# Input
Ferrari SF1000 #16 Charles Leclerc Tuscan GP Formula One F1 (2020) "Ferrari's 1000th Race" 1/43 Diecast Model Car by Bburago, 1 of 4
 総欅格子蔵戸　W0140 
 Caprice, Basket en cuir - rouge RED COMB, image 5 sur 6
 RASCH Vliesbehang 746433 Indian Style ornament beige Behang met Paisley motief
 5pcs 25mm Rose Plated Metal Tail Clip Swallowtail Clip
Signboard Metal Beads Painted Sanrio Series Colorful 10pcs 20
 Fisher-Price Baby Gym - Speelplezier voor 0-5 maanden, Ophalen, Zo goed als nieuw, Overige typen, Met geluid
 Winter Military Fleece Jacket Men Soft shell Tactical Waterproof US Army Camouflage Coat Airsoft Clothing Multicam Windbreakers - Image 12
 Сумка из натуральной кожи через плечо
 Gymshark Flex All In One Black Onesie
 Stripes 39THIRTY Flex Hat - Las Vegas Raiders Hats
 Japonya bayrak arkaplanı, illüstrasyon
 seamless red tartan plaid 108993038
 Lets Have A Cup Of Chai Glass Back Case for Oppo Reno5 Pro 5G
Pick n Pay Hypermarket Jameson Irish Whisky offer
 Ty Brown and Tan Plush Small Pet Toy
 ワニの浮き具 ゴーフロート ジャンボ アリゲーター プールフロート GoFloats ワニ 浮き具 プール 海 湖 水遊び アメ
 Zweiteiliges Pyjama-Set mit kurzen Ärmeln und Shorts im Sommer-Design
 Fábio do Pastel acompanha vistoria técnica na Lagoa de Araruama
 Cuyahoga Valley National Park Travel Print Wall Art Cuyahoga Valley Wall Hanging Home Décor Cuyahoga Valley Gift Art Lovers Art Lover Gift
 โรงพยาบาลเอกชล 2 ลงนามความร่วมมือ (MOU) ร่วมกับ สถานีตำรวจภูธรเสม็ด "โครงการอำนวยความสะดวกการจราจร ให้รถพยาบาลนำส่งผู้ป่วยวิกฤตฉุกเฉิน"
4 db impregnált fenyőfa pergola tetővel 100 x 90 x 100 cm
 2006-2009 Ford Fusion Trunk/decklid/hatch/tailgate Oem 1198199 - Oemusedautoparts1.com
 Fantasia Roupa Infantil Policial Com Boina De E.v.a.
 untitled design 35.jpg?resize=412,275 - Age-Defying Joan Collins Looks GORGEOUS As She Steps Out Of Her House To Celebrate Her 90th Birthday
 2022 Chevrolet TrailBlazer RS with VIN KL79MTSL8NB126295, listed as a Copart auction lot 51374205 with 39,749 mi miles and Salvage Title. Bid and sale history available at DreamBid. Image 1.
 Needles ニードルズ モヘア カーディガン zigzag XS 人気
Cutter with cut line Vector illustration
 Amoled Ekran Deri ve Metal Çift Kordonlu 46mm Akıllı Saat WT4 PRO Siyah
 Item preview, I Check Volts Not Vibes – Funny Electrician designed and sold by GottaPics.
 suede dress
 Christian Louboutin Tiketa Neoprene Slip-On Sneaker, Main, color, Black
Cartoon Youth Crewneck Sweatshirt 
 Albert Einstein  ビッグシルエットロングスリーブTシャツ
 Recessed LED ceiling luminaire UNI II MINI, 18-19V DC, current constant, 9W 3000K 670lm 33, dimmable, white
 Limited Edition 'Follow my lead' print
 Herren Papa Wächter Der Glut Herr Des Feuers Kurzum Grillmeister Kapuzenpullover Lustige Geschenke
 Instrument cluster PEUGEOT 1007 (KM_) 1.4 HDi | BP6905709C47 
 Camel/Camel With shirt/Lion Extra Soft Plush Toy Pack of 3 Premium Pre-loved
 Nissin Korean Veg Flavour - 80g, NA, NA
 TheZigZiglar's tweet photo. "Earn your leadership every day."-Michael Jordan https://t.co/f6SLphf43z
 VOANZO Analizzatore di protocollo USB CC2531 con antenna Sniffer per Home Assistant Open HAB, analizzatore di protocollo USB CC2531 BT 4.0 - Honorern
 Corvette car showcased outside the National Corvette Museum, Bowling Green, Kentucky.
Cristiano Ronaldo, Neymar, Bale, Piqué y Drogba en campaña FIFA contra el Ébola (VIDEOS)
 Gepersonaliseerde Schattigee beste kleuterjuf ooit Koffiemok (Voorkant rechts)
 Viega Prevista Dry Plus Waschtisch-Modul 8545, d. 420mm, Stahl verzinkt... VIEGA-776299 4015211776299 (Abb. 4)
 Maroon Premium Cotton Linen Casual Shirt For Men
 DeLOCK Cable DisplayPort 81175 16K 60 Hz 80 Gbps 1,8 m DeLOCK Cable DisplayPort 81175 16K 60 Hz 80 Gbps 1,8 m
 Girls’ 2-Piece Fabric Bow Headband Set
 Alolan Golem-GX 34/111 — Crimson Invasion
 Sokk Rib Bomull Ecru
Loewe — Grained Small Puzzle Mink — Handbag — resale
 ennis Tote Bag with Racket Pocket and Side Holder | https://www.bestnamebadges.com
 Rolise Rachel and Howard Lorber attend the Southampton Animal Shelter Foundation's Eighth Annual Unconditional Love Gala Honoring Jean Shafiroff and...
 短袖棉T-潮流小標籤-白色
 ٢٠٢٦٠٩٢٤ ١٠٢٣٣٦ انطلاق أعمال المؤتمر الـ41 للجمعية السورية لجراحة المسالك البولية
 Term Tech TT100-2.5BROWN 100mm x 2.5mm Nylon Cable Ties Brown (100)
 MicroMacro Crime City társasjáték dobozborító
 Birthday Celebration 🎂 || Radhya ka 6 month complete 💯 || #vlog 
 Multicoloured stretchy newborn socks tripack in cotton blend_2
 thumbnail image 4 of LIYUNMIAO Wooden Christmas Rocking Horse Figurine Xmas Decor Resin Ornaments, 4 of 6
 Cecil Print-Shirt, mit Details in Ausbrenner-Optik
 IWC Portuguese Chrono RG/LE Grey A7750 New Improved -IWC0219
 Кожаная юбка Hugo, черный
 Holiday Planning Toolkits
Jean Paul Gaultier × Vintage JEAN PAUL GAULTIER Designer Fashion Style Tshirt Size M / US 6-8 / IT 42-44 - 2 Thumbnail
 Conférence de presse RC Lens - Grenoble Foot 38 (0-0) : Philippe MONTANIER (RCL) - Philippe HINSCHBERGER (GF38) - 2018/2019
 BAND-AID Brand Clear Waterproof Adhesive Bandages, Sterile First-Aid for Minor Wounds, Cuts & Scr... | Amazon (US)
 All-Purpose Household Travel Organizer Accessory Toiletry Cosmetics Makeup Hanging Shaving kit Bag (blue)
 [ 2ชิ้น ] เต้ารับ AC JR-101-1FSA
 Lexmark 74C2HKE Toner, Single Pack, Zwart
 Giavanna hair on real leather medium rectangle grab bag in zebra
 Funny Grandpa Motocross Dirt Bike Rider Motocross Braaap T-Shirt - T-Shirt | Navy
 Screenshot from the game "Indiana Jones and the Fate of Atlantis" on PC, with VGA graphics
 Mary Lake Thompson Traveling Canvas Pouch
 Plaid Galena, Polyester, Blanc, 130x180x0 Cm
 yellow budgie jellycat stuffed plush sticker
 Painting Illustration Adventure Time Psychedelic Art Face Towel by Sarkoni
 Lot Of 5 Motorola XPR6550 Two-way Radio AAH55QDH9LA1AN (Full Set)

# Your instructions
Every line of the records above needs to be given again exactly.

# Your solution
Ferrari SF1000 #16 Charles Leclerc Tuscan GP Formula One F1 (2020) "Ferrari's 1000th Race" 1/43 Diecast Model Car by Bburago, 1 of 4
 総欅格子蔵戸　W0140 
 Caprice, Basket en cuir - rouge RED COMB, image 5 sur 6
 RASCH Vliesbehang 746433 Indian Style ornament beige Behang met Paisley motief
 5pcs 25mm Rose Plated Metal Tail Clip Swallowtail Clip
Signboard Metal Beads Painted Sanrio Series Colorful 10pcs 20
 Fisher-Price Baby Gym - Speelplezier voor 0-5 maanden, Ophalen, Zo goed als nieuw, Overige typen, Met geluid
 Winter Military Fleece Jacket Men Soft shell Tactical Waterproof US Army Camouflage Coat Airsoft Clothing Multicam Windbreakers - Image 12
 Сумка из натуральной кожи через плечо
 Gymshark Flex All In One Black Onesie
 Stripes 39THIRTY Flex Hat - Las Vegas Raiders Hats
 Japonya bayrak arkaplanı, illüstrasyon
 seamless red tartan plaid 108993038
 Lets Have A Cup Of Chai Glass Back Case for Oppo Reno5 Pro 5G
Pick n Pay Hypermarket Jameson Irish Whisky offer
 Ty Brown and Tan Plush Small Pet Toy
 ワニの浮き具 ゴーフロート ジャンボ アリゲーター プールフロート GoFloats ワニ 浮き具 プール 海 湖 水遊び アメ
 Zweiteiliges Pyjama-Set mit kurzen Ärmeln und Shorts im Sommer-Design
 Fábio do Pastel acompanha vistoria técnica na Lagoa de Araruama
 Cuyahoga Valley National Park Travel Print Wall Art Cuyahoga Valley Wall Hanging Home Décor Cuyahoga Valley Gift Art Lovers Art Lover Gift
 โรงพยาบาลเอกชล 2 ลงนามความร่วมมือ (MOU) ร่วมกับ สถานีตำรวจภูธรเสม็ด "โครงการอำนวยความสะดวกการจราจร ให้รถพยาบาลนำส่งผู้ป่วยวิกฤตฉุกเฉิน"
4 db impregnált fenyőfa pergola tetővel 100 x 90 x 100 cm
 2006-2009 Ford Fusion Trunk/decklid/hatch/tailgate Oem 1198199 - Oemusedautoparts1.com
 Fantasia Roupa Infantil Policial Com Boina De E.v.a.
 untitled design 35.jpg?resize=412,275 - Age-Defying Joan Collins Looks GORGEOUS As She Steps Out Of Her House To Celebrate Her 90th Birthday
 2022 Chevrolet TrailBlazer RS with VIN KL79MTSL8NB126295, listed as a Copart auction lot 51374205 with 39,749 mi miles and Salvage Title. Bid and sale history available at DreamBid. Image 1.
 Needles ニードルズ モヘア カーディガン zigzag XS 人気
Cutter with cut line Vector illustration
 Amoled Ekran Deri ve Metal Çift Kordonlu 46mm Akıllı Saat WT4 PRO Siyah
 Item preview, I Check Volts Not Vibes – Funny Electrician designed and sold by GottaPics.
 suede dress
 Christian Louboutin Tiketa Neoprene Slip-On Sneaker, Main, color, Black
Cartoon Youth Crewneck Sweatshirt 
 Albert Einstein  ビッグシルエットロングスリーブTシャツ
 Recessed LED ceiling luminaire UNI II MINI, 18-19V DC, current constant, 9W 3000K 670lm 33, dimmable, white
 Limited Edition 'Follow my lead' print
 Herren Papa Wächter Der Glut Herr Des Feuers Kurzum Grillmeister Kapuzenpullover Lustige Geschenke
 Instrument cluster PEUGEOT 1007 (KM_) 1.4 HDi | BP6905709C47 
 Camel/Camel With shirt/Lion Extra Soft Plush Toy Pack of 3 Premium Pre-loved
 Nissin Korean Veg Flavour - 80g, NA, NA
 TheZigZiglar's tweet photo. "Earn your leadership every day."-Michael Jordan https://t.co/f6SLphf43z
 VOANZO Analizzatore di protocollo USB CC2531 con antenna Sniffer per Home Assistant Open HAB, analizzatore di protocollo USB CC2531 BT 4.0 - Honorern
 Corvette car showcased outside the National Corvette Museum, Bowling Green, Kentucky.
Cristiano Ronaldo, Neymar, Bale, Piqué y Drogba en campaña FIFA contra el Ébola (VIDEOS)
 Gepersonaliseerde Schattigee beste kleuterjuf ooit Koffiemok (Voorkant rechts)
 Viega Prevista Dry Plus Waschtisch-Modul 8545, d. 420mm, Stahl verzinkt... VIEGA-776299 4015211776299 (Abb. 4)
 Maroon Premium Cotton Linen Casual Shirt For Men
 DeLOCK Cable DisplayPort 81175 16K 60 Hz 80 Gbps 1,8 m DeLOCK Cable DisplayPort 81175 16K 60 Hz 80 Gbps 1,8 m
 Girls’ 2-Piece Fabric Bow Headband Set
 Alolan Golem-GX 34/111 — Crimson Invasion
 Sokk Rib Bomull Ecru
Loewe — Grained Small Puzzle Mink — Handbag — resale
 ennis Tote Bag with Racket Pocket and Side Holder | https://www.bestnamebadges.com
 Rolise Rachel and Howard Lorber attend the Southampton Animal Shelter Foundation's Eighth Annual Unconditional Love Gala Honoring Jean Shafiroff and...
 短袖棉T-潮流小標籤-白色
 ٢٠٢٦٠٩٢٤ ١٠٢٣٣٦ انطلاق أعمال المؤتمر الـ41 للجمعية السورية لجراحة المسالك البولية
 Term Tech TT100-2.5BROWN 100mm x 2.5mm Nylon Cable Ties Brown (100)
 MicroMacro Crime City társasjáték dobozborító
 Birthday Celebration 🎂 || Radhya ka 6 month complete 💯 || #vlog 
 Multicoloured stretchy newborn socks tripack in cotton blend_2
 thumbnail image 4 of LIYUNMIAO Wooden Christmas Rocking Horse Figurine Xmas Decor Resin Ornaments, 4 of 6
 Cecil Print-Shirt, mit Details in Ausbrenner-Optik
 IWC Portuguese Chrono RG/LE Grey A7750 New Improved -IWC0219
 Кожаная юбка Hugo, черный
 Holiday Planning Toolkits
Jean Paul Gaultier × Vintage JEAN PAUL GAULTIER Designer Fashion Style Tshirt Size M / US 6-8 / IT 42-44 - 2 Thumbnail
 Conférence de presse RC Lens - Grenoble Foot 38 (0-0) : Philippe MONTANIER (RCL) - Philippe HINSCHBERGER (GF38) - 2018/2019
 BAND-AID Brand Clear Waterproof Adhesive Bandages, Sterile First-Aid for Minor Wounds, Cuts & Scr... | Amazon (US)
 All-Purpose Household Travel Organizer Accessory Toiletry Cosmetics Makeup Hanging Shaving kit Bag (blue)
 [ 2ชิ้น ] เต้ารับ AC JR-101-1FSA
 Lexmark 74C2HKE Toner, Single Pack, Zwart
 Giavanna hair on real leather medium rectangle grab bag in zebra
 Funny Grandpa Motocross Dirt Bike Rider Motocross Braaap T-Shirt - T-Shirt | Navy
 Screenshot from the game "Indiana Jones and the Fate of Atlantis" on PC, with VGA graphics
 Mary Lake Thompson Traveling Canvas Pouch
 Plaid Galena, Polyester, Blanc, 130x180x0 Cm
 yellow budgie jellycat stuffed plush sticker
 Painting Illustration Adventure Time Psychedelic Art Face Towel by Sarkoni
 Lot Of 5 Motorola XPR6550 Two-way Radio AAH55QDH9LA1AN (Full Set)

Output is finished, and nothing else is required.